Gorgeous, I would be very proud as well! You have done an amazing job bringing him back.  I would let my daughter, son, grandma, grandpa, dad, mom, and everyone date him.


----------



## MaggiStar (Mar 19, 2010)

Wow what a little stunner!!!


----------



## Pinto (Mar 31, 2010)

Wow! Check out those muscles! What a hunk! xD


----------



## iridehorses (Oct 22, 2007)

Boy o boy, you did a fantastic job bringing him back! I'd love to see the "before" pictures.


----------



## simplyes53 (Jul 2, 2010)

whoooaa!! you lucked out or he lucked out...well you both lucked out!! congrats he's hott!!


----------



## palominolover (Apr 28, 2010)

gorgeous , i LOVE him, you've done an excellent job =)


----------



## Plains Drifter (Aug 4, 2009)

He's stunning!

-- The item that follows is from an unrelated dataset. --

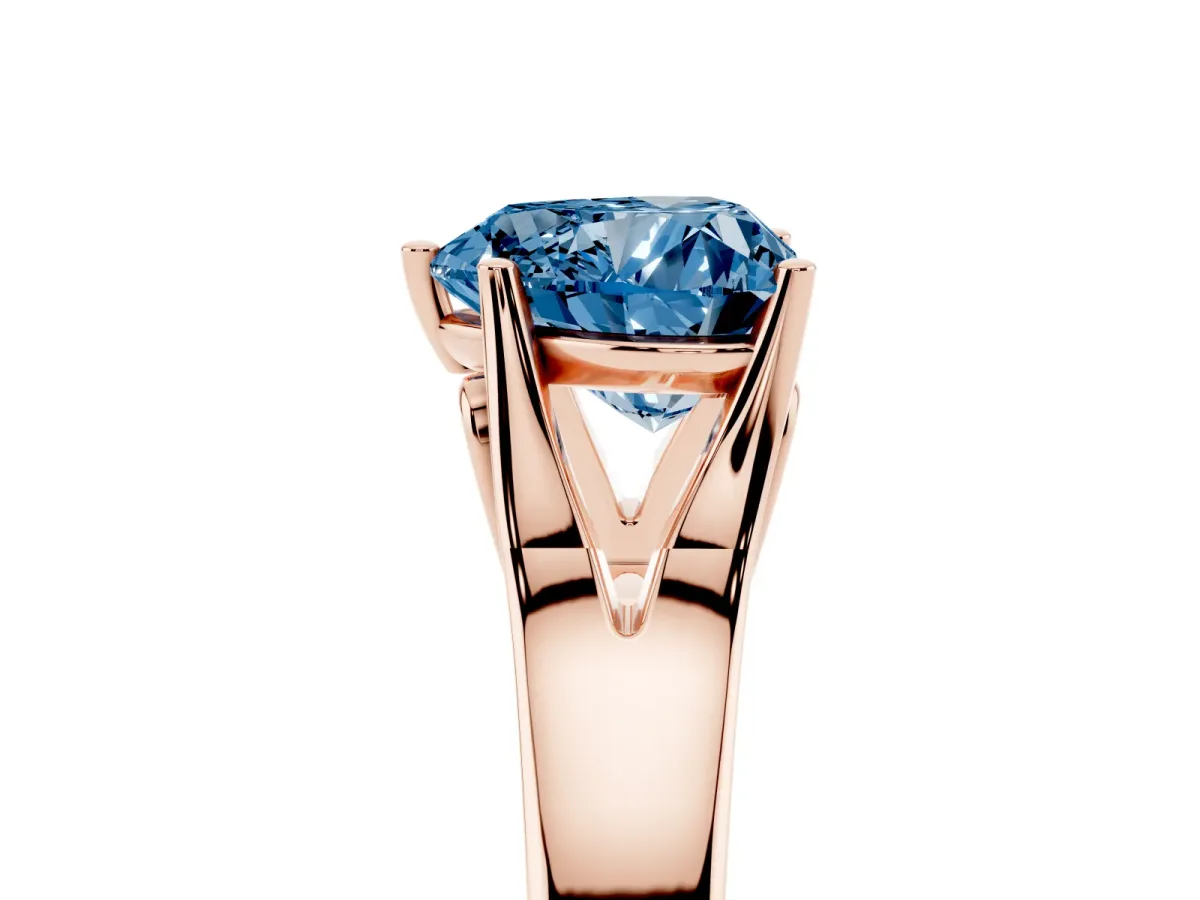 Fancy Blue Heart Cut Solitaire Diamond Ring with Cathedral Band and Four-Prong Setting Rose gold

I just adore him!


----------



## Lovehorsesandrunning (Nov 10, 2009)

You should be proud! he is abo****ly GORGOUS!!!!! who would neglect that horse! your so lucky


----------



## DarkAngelMJH (Jul 4, 2010)

He looks gorgeous!


----------



## Cheezeit32 (Jun 25, 2010)

Absoloutly Stunning. all he needed, it seems, was someone to see him for who he really was and fix him up


----------



## ThinkingOfRiding (Apr 8, 2010)

I wouldn't let anyone date him. I would want him for myself :wink:


----------



## flamingauburnmustang (Dec 25, 2008)

I don't have a daughter, but I'd date him for sure! :wink:

Lovely photo's, he looks like one of those studs from magazines! Great job by the way, he is looking amazing! :grin:

Now let's see, where do you live and where is his halter? :mrgreen:


----------



## Seifur (Apr 24, 2010)

Wow! He's super beautiful, great job!  I don't have a daughter but I'd let my mare date him. ;D


----------



## championpicks (Jul 6, 2010)

I love that horse.....do you accept trade for horses?


----------